I have a dataset which looks something like this:
ID | Year | Set | Value |
---|---|---|---|
1 | 2020 | A | 20 |
1 | 2020 | B | 30 |
1 | 2021 | C | 28 |
1 | 2021 | D | 21 |
1 | 2022 | E | 28 |
1 | 2022 | F | 21 |
2 | 2020 | A | 20 |
2 | 2020 | B | 30 |
2 | 2021 | C | 28 |
2 | 2021 | D | 21 |
3 | 2020 | A | 20 |
3 | 2020 | B | 30 |
So it's a panel dataset, which has people (indexed by ID), observed over multiple years, with different values of different things. I want to create a variable which takes on a value of TRUE if the person is present in the following year (like 1 for both years & 2 for 2020), and FALSE if it isn't (like 3 in 2020 and 2 in 2021). And there are a lot more than three years for some of them, but only one year for some. I feel like this should be easy using either dplyr or data.table, but I can't wrap my head around it. Any help would be most welcome!

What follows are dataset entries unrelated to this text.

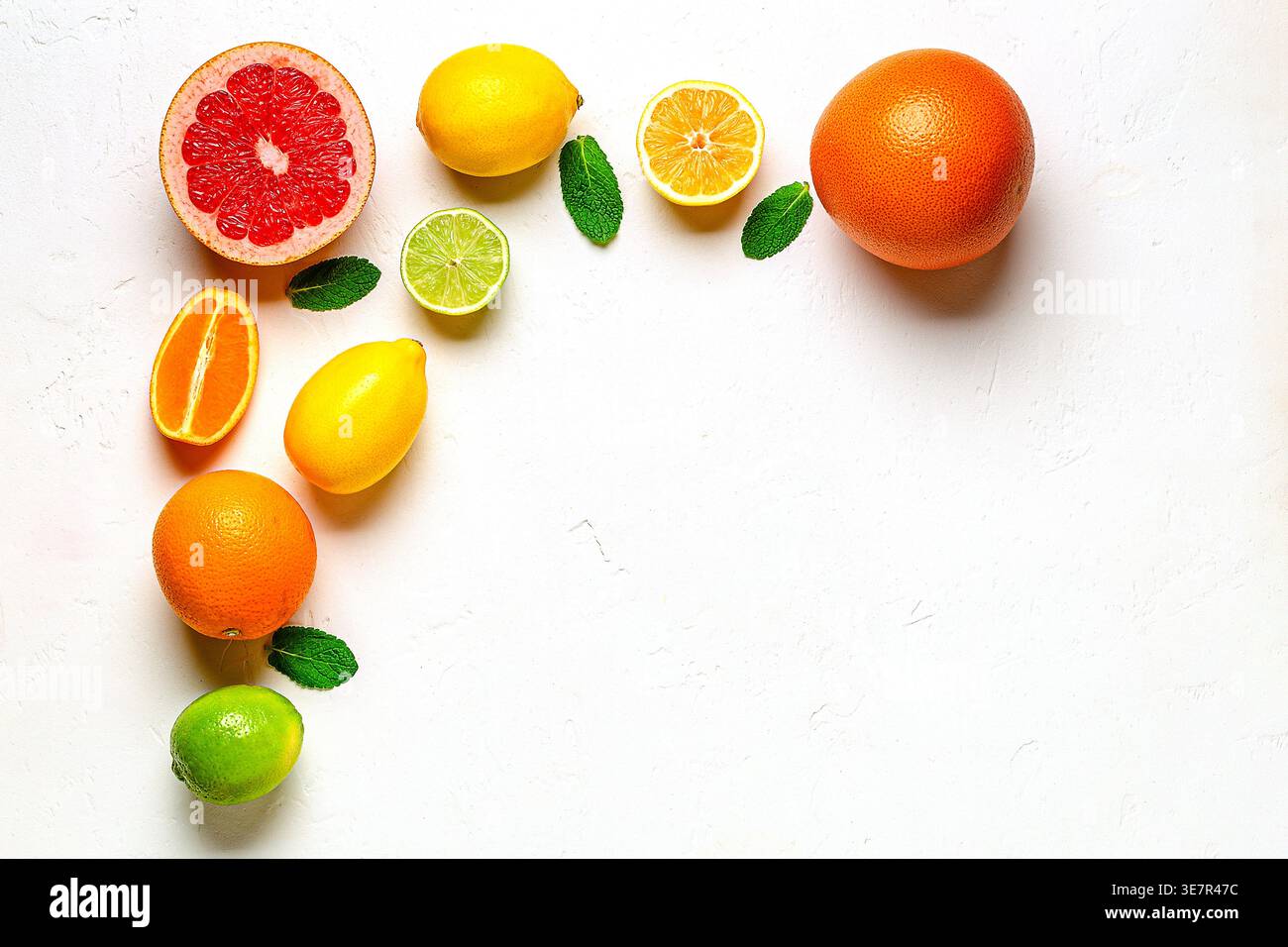 Citron frais, orange, pamplemousse, citron vert, feuilles vertes sur fond clair, vue de dessus. Concept de jus d'agrumes, vitamine C, fruits. Banque D'Images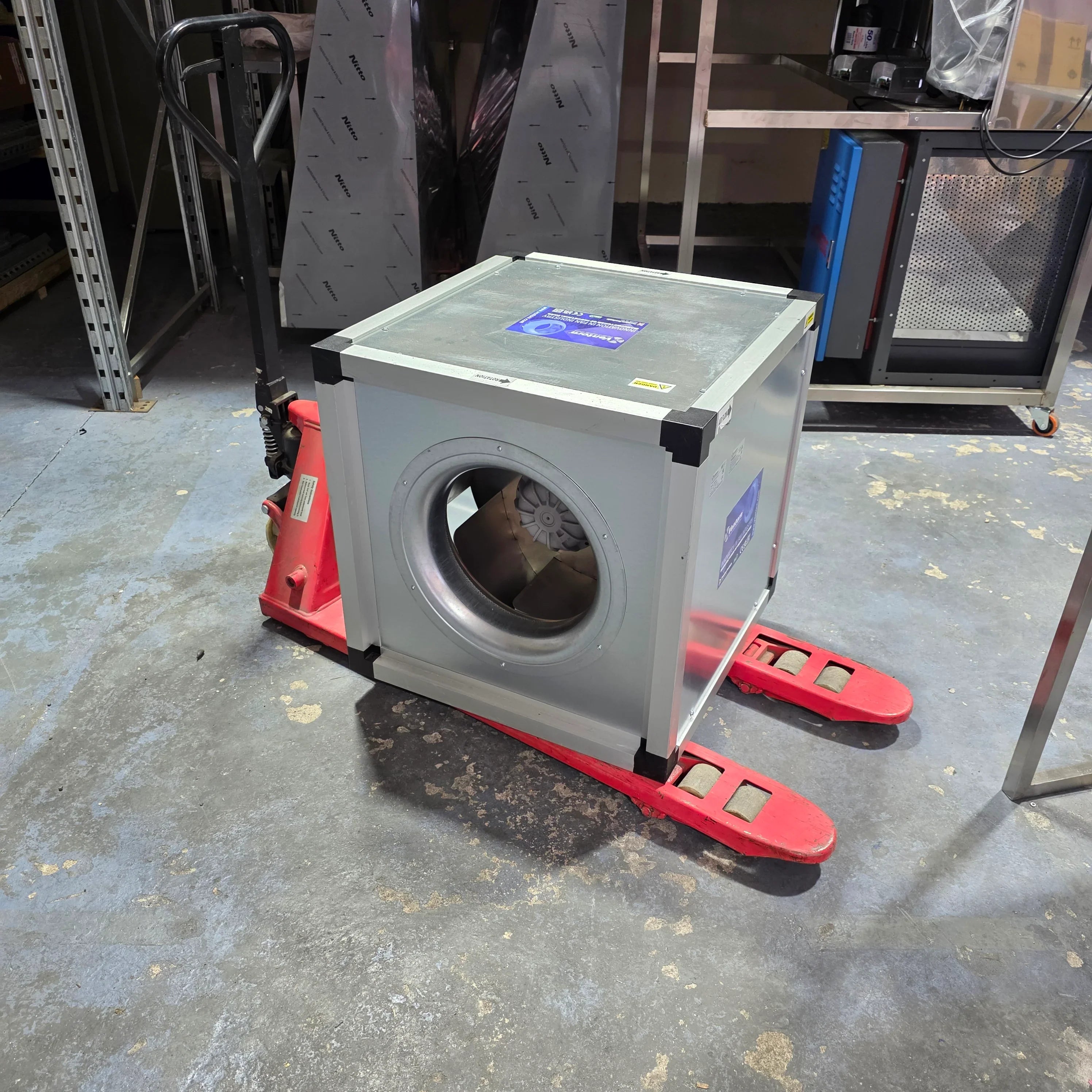 Industrial ventilation fan on red pallet jack in warehouse, metal ducting visible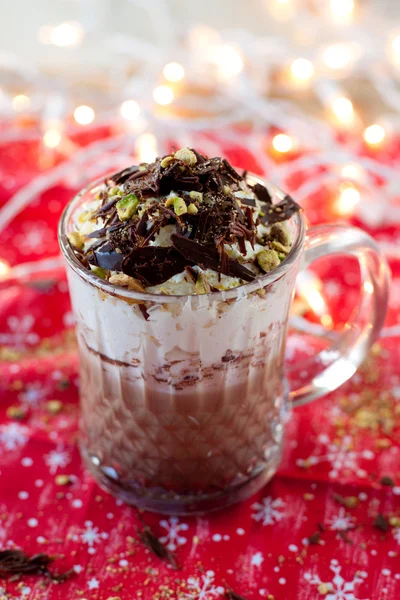 Hot chocolate with whipped cream, chocolate crunches and pistachio — Stock Photo, Image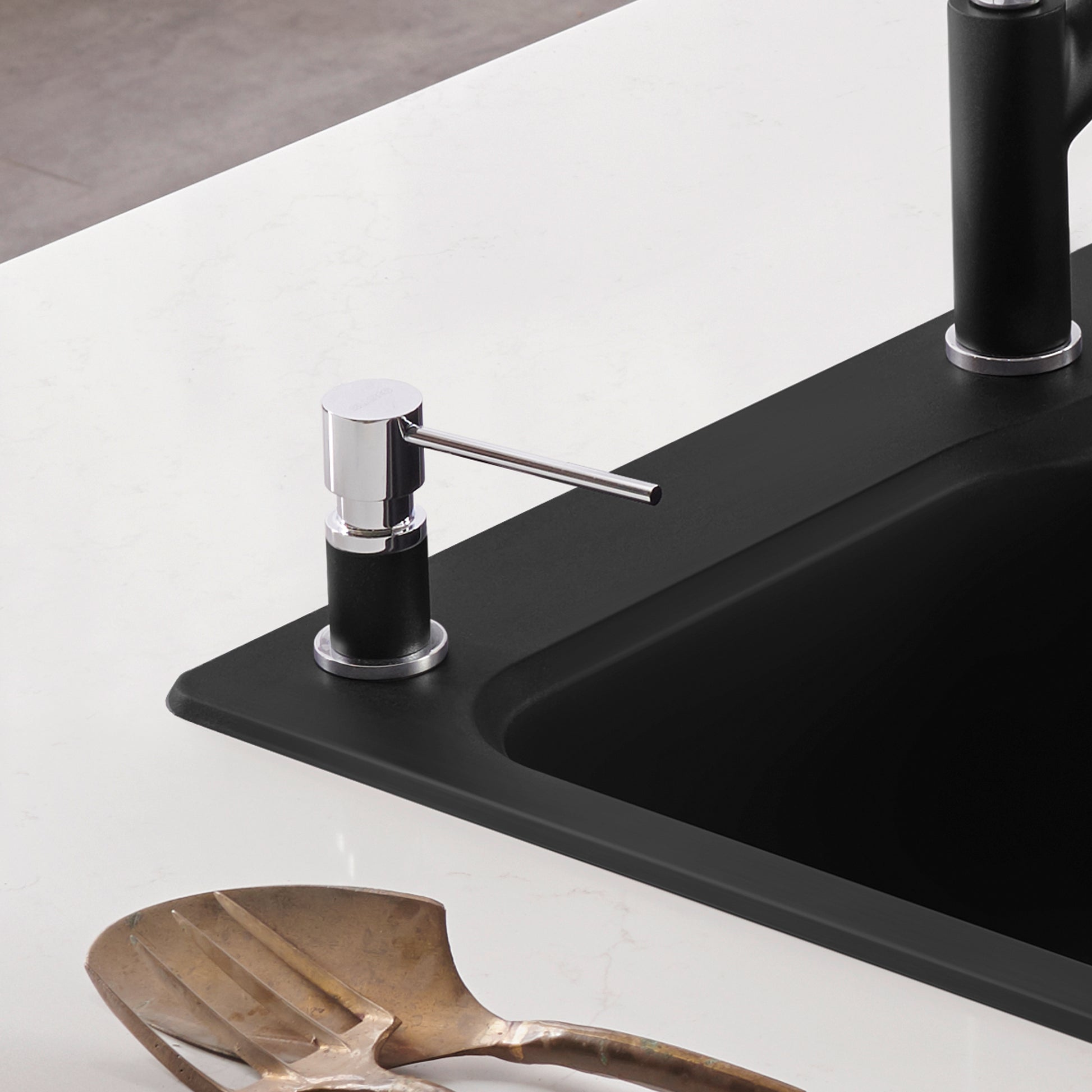 Chrome and coal black soap dispenser with cylindrical pump mounted on black sink countertop.
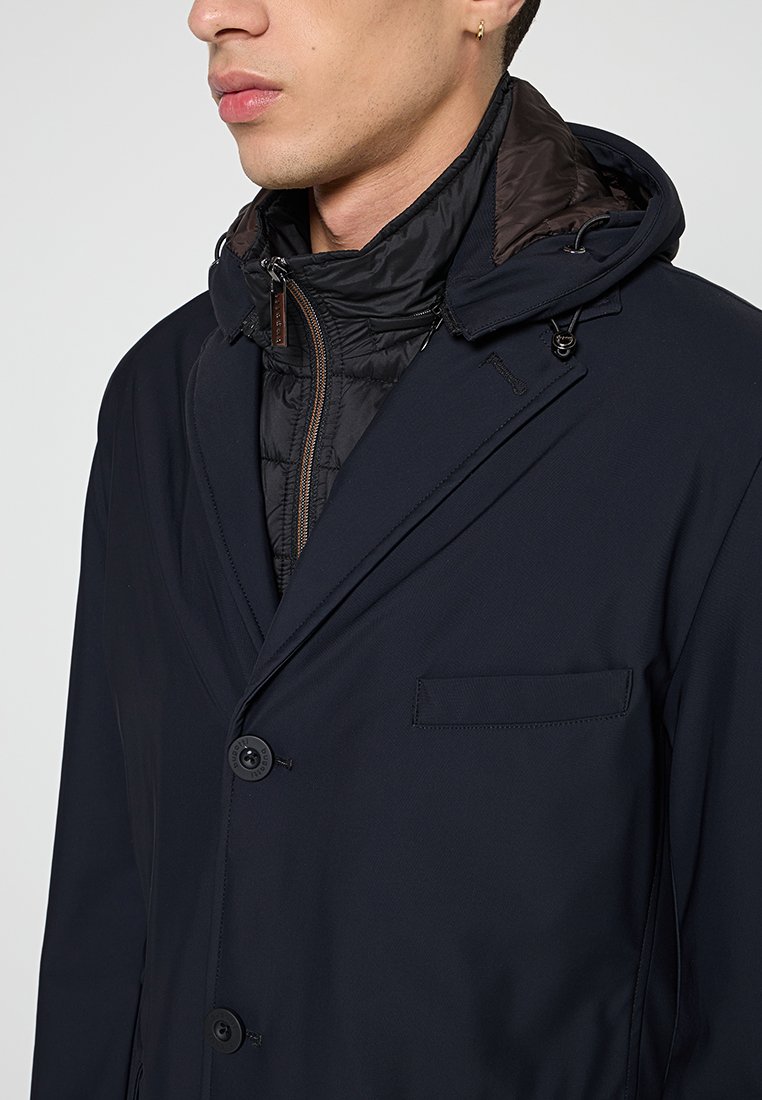 Marineblauer Mantel mit abnehmbarer Puffer-Fütterung, Reißverschlusskragen, zwei Knöpfen und einer Brusttasche. Glattes Material mit taillierter Passform.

Here is one potential solution:
library(tidyverse)
df <- tibble::tribble(
~ID, ~Year, ~Set, ~Value,
1L, 2020L, "A", 20L,
1L, 2020L, "B", 30L,
1L, 2021L, "C", 28L,
1L, 2021L, "D", 21L,
1L, 2022L, "E", 28L,
1L, 2022L, "F", 21L,
2L, 2020L, "A", 20L,
2L, 2020L, "B", 30L,
2L, 2021L, "C", 28L,
2L, 2021L, "D", 21L,
3L, 2020L, "A", 20L,
3L, 2020L, "B", 30L
)
df %>%
group_by(ID) %>%
mutate(present_in_following_year = Year != max(Year))
#> # A tibble: 12 × 5
#> # Groups: ID [3]
#> ID Year Set Value present_in_following_year
#> <int> <int> <chr> <int> <lgl>
#> 1 1 2020 A 20 TRUE
#> 2 1 2020 B 30 TRUE
#> 3 1 2021 C 28 TRUE
#> 4 1 2021 D 21 TRUE
#> 5 1 2022 E 28 FALSE
#> 6 1 2022 F 21 FALSE
#> 7 2 2020 A 20 TRUE
#> 8 2 2020 B 30 TRUE
#> 9 2 2021 C 28 FALSE
#> 10 2 2021 D 21 FALSE
#> 11 3 2020 A 20 FALSE
#> 12 3 2020 B 30 FALSE
Created on 2022-12-06 with reprex v2.0.2
Does that solve your problem, or have I misunderstood the question?